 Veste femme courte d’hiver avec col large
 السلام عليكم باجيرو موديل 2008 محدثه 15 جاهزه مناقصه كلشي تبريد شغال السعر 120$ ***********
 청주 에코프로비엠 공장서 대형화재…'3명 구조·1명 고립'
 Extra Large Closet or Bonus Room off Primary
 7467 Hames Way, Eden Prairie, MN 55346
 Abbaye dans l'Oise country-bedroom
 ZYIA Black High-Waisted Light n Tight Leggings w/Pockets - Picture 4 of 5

=======

--- Aim of the exercise ---
Please print the lines from the one containing "청주 에코프로비엠 공장서 대형화재…'3명 구조·1명 고립'" through the last line of the material, exactly, and leave out all other lines.

--- Result of this task ---
 청주 에코프로비엠 공장서 대형화재…'3명 구조·1명 고립'
 Extra Large Closet or Bonus Room off Primary
 7467 Hames Way, Eden Prairie, MN 55346
 Abbaye dans l'Oise country-bedroom
 ZYIA Black High-Waisted Light n Tight Leggings w/Pockets - Picture 4 of 5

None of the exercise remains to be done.